* [WHAT YOU ARE ASKED TO DO]: Starting from the first line below, count every line holding the word "Exterior", then state the total alone.

Collected data entries
══════

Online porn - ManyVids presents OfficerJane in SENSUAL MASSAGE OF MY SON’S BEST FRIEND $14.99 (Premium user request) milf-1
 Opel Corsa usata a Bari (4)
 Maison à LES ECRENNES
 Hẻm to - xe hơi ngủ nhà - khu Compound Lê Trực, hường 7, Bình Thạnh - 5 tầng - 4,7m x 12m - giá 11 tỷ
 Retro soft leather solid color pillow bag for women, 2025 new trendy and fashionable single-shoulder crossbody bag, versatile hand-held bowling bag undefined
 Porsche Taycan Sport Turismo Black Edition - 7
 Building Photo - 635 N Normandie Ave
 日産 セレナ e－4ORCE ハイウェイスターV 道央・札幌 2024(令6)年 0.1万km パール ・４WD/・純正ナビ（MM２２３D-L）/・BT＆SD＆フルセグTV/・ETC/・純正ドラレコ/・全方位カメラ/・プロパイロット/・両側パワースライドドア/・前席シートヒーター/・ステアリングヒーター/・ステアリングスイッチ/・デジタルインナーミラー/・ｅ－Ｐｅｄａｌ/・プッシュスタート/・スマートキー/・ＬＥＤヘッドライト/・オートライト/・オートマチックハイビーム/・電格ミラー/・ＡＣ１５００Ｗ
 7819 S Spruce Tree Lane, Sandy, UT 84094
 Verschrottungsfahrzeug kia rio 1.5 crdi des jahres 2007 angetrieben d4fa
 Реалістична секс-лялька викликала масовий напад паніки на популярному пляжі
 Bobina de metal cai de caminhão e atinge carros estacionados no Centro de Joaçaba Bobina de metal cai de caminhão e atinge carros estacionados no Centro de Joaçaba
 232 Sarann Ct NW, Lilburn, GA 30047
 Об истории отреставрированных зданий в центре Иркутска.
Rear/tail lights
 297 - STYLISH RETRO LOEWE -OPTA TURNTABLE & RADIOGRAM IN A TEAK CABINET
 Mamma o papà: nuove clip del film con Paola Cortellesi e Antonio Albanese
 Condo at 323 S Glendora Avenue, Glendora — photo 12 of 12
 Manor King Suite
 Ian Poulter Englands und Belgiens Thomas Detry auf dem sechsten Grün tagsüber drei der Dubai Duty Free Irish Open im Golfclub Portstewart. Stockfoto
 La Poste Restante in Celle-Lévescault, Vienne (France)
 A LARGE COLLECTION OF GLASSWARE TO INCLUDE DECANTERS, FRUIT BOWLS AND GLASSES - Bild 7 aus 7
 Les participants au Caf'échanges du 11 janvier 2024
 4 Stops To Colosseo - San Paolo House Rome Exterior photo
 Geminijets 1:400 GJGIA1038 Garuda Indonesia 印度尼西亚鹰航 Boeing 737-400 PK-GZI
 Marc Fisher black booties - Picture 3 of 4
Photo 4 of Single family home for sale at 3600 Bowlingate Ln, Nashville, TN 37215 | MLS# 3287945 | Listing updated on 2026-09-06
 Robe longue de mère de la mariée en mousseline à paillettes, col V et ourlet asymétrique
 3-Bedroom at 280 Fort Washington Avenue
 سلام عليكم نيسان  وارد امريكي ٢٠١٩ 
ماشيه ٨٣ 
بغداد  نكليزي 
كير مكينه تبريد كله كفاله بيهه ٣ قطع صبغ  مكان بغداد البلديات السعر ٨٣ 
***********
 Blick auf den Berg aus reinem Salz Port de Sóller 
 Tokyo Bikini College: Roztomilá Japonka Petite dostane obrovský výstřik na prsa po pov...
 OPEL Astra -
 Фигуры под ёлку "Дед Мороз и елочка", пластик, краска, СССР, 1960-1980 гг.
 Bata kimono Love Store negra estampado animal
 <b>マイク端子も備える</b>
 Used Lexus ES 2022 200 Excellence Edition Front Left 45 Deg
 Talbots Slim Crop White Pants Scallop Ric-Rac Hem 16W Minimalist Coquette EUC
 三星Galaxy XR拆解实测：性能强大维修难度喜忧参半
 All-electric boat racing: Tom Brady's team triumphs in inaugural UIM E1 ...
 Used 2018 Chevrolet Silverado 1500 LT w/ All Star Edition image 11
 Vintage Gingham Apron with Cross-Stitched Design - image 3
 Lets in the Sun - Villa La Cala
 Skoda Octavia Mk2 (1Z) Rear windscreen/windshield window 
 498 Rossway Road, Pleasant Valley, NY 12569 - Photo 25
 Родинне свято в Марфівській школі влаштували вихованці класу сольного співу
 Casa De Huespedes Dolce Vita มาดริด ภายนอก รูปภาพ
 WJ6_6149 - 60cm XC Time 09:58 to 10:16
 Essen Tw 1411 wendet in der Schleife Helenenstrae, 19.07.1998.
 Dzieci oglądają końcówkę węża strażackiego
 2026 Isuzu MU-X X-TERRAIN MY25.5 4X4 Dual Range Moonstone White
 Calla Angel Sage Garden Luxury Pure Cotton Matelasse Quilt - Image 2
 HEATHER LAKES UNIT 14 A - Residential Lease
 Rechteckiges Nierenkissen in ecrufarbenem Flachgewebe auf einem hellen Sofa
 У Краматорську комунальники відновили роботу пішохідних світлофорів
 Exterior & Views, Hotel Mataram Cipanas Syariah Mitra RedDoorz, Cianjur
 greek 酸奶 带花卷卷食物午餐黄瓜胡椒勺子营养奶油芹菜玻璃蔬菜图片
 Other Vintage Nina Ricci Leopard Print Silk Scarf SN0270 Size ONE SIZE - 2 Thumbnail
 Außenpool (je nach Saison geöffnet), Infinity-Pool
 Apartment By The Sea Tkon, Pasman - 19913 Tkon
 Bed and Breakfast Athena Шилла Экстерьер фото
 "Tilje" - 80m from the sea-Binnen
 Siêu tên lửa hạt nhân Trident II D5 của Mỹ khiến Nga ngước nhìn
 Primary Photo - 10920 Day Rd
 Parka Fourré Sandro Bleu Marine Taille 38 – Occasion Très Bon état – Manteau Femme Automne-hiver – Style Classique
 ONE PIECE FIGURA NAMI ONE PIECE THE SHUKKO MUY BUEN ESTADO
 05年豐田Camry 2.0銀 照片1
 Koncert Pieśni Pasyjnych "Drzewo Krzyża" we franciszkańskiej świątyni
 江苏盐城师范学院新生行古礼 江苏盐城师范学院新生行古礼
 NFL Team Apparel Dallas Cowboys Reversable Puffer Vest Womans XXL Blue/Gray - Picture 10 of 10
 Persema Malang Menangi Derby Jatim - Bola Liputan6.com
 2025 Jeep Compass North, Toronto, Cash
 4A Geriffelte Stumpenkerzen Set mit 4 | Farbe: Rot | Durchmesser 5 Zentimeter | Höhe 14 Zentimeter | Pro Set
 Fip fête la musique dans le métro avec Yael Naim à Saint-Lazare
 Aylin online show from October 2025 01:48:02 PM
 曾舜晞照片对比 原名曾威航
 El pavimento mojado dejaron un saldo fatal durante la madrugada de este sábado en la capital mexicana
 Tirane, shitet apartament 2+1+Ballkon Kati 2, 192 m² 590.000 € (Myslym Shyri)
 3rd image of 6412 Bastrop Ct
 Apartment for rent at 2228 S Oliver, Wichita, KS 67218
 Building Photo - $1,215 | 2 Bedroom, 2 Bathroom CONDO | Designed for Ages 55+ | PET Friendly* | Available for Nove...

══════

* [SOLUTION TO THIS TASK]: 2